Three outstanding new films at this year’s CPH:DOX presented illuminating responses to this question.

“It takes a very long time to become young,” said Pablo Picasso, quoted in Jean Cocteau’s book ‘The Hand of a Stranger’ – but the reverse can be true too, as displayed in three first-time features about young people which screened recently at CPH:DOX. For these folks the burden of adulthood arrives all too quickly, as they are forced to reckon with problematic families, identity issues, tough responsibilities and the other grim realities that adult life brings.

“Your whole life, society tells you to be a man,” laments Zach, one of the three troubled young protagonist skaters in Bing Liu’s remarkable Minding the Gap. “Nobody knows what the fuck they’re doing,” he argues, but his path seems to have gone particularly astray. “We have to grow up, and it’s gonna fuckin’ suck.”

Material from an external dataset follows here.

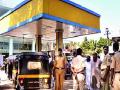 सीएनजी पंपावर स्थानिक-उपरे वाद - Marathi News | Domestic Sub-Orders on CNG Pumps | Latest mumbai News at Lokmat.com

All three boys come from volatile homes. Zach, a part-time father and unstable partner, has trouble connecting his current behaviour with the contours of his past. Conversely, Bing – who features both in front of and behind camera – is unable to stop making these connections in his own life, fearful that the abuse he received from his father might become paralysing, or worse, self-perpetuating. The third character, Keire, who similarly fell victim to an overly stern father, sits somewhere in between. Increasingly aware of the wrongdoing he received, he is blind to its ramifications.

As they skate and grow together, Liu records constantly. Rolling in fluidly filmed skate-tapes from their early years together with observational material made later, he creates a rhythmic, flowing chronicle of their shared lives, and also of the town they live in. Interspersed audio elucidates what it means to grow up in the rust belt of Rockford, Illinois, a place with few employment opportunities, mass population exodus, and a distinct problem with violence, mostly (and pertinently) domestic.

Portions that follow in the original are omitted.